Il faut savoir qu’un parti politique, n’importe lequel, a
tendance à fonctionner comme une équipe de foot de ligue. Lorsqu’on estime
qu’un joueur est de qualité, on essaie de l’obtenir. En politique, ça ne se
monnaie pas, pas de manière sonnante et trébuchante, on propose des postes de
candidat, une liberté d’actions, de pensées, de paroles, etc. On fait cela pour
tout nouveau venu ou tout venu qui n’est pas encore figé dans une trop longue
habitude de son parti. Les propositions perdurent si vous êtes un centriste et
reviennent métronomiquement si vous vous acquittez correctement et activement
des tâches dévolues à tout conseiller lambda (commissions, réunions, rapports,
interventions, etc.). Tous les partis, groupes, tendances m’ont fait du pied de
manière plus ou moins marquée, me vantant les mérites de leur formation, y
compris l’UDC qui présageait sans malignité aucune la diminution du nombre
d’élus de l’Entente. « Viens chez nous, il y aura des sièges à repourvoir
… » Les urnes ont parlé, dix candidats, onze sièges, celui perdu par
l’Entente, et moi dessus.
Je vous laisse relire mon billet « La Veste », dimanche
d’élections, les résultats en soirée, l’air satisfait de certains.

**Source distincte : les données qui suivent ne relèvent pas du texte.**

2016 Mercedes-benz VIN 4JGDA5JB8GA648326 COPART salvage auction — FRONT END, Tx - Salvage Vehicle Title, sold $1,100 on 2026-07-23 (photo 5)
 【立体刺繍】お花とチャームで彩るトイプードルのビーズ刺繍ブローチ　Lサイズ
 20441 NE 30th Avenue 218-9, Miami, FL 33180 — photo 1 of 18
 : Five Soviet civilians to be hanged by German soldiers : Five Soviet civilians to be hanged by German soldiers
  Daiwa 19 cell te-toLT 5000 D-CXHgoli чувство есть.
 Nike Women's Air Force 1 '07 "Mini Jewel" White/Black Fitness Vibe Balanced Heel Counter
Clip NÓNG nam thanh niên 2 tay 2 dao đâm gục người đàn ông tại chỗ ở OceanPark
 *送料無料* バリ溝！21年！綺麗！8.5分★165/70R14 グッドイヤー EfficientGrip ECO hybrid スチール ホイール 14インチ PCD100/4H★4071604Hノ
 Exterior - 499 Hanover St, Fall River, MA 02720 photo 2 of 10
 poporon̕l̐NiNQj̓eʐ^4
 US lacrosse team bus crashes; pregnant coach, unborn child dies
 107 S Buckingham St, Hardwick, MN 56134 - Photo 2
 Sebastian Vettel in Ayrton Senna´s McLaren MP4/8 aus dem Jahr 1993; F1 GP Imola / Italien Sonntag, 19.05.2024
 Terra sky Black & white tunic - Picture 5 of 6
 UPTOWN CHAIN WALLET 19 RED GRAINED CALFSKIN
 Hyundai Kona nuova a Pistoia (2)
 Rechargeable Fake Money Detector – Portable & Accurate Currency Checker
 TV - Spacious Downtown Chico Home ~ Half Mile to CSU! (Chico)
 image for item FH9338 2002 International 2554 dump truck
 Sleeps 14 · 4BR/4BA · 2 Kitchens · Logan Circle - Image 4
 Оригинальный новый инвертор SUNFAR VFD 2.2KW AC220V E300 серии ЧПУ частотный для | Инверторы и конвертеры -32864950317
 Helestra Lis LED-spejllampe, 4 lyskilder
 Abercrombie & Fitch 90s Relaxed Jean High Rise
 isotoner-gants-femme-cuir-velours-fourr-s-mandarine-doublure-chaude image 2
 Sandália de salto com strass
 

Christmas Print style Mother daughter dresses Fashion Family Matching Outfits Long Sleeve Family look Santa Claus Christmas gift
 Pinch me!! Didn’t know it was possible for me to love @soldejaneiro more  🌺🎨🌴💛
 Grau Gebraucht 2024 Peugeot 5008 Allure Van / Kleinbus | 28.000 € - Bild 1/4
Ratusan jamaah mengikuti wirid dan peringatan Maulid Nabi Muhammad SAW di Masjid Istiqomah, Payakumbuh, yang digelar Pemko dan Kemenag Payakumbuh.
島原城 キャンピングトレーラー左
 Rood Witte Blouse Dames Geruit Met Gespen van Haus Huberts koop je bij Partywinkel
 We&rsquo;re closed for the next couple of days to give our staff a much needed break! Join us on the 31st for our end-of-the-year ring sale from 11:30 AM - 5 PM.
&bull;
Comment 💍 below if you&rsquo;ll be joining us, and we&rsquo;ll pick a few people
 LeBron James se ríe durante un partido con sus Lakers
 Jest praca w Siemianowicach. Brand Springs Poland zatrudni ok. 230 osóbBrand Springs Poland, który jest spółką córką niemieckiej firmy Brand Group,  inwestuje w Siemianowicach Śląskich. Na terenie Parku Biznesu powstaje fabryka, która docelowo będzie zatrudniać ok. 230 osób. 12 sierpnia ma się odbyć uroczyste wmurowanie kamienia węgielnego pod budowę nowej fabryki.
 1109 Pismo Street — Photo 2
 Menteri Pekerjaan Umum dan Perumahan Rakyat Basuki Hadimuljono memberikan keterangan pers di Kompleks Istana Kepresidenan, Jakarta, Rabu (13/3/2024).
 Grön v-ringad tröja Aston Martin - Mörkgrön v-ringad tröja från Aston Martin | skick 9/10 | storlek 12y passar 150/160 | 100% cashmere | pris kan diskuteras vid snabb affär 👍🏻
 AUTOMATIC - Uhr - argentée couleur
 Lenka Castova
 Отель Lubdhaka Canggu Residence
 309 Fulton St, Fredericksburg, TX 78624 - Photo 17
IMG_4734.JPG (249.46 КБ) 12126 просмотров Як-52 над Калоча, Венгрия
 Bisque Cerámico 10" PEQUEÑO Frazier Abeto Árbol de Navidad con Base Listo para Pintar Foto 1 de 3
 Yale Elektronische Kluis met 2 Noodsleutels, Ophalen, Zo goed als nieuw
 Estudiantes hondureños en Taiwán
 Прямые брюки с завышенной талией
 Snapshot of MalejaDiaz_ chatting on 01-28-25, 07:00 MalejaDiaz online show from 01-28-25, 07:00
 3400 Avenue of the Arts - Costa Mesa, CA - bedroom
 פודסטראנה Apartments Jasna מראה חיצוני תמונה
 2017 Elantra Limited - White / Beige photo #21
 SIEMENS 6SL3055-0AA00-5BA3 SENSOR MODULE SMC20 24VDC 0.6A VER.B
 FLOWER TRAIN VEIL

J’accompagnais Cy., quelques membres de son parti, ils attendaient les
résultats à la maison. Peu après la publication des chiffres, un nouvel
élu/réélu se tourne vers l’un de nos invités et l’interpelle goguenard quant au
bon score de son parti, « Il faudra assurer ! », petit geste du
menton, l’air de dire « l’UDC a gagné ces voix par hasard, vous ne serez
pas capable de tenir un rôle sérieux au conseil ». J’hésitais encore mais
cette simple démonstration de suffisance moralisatrice me décida : j’acceptai
ce siège vide.
J’en ai parlé, ici ou là, j’ai eu droit à un charroi de
réactions … dogmatiques, assortis de mise en garde. Parmi le florilège des plus
débiles je retiens « que vont penser les gens de toi ? », bof,
en tant que gay et catholique, j’ai déjà tout entendu ; « tu
cautionnes la politique fédérale de l’UDC », non, de toute manière entre
la section morgienne de l’UDC et le groupe parlementaire, il y a un monde,
quelques galaxies, deux ou trois univers même. Au cas où il y aurait
éventuellement interaction, j’expliquerai à Messieurs Maurer et Parmelin mon
point de vue sur un certain nombre de sujets. Si l’on part de l’idée qu’un
parti transforme ses adhérents, les adhérents ont de même la compétence de
transformer le parti. C’est assez peu me connaître que d’imaginer qu’on puisse
ainsi me « changer ». Les Vallotton sont des Vallorbiers, des têtes
de pioche. Plus sérieusement, j’ai déjà expliqué mes motivations à qui était
prêt à les entendre. Après une année de conseil communal, je commence enfin à
comprendre le fonctionnement global de la chose, à maîtriser les dossiers en
cour, à connaître et reconnaître les différents acteurs politiques et au sein
de l’administration communale. Si je raccrochais de suite, ce serait aussi
idiot que de quitter la salle de sport après l’échauffement. Je suis un
vient-ensuite dans la liste de l’Entente et je pourrais attendre sur le banc de
touche une année ou deux, ou trois que l’on me rappelle aux affaires et d’ici
là, j’aurai perdu le fil. Plus vraisemblablement, je me serai lassé et aurai
laissé tomber. Il faut battre le fer quand il est chaud et tant pis pour ma
« réputation politique », je n’ai pas d’ambition particulière dans ce
domaine, une législature complète et je passerai la main. Dans l’intervalle, je
poursuivrai dans mon action, à savoir « à problème pratique, solution
concrète ! » Au conseil, tout le monde se pose les mêmes
questions : à quoi ça sert ? combien ça coûte ? Selon les réponses,
on dit oui ou non. Le fait que l’UDC soit une petite formation au conseil
communal morgien représente un autre critère qui m’a poussé dans ses rangs. Les
Verts m’auraient fait la même proposition, j’aurais accepté, d’autant plus que
j’apprécie particulièrement le courant décroissant de ce groupe.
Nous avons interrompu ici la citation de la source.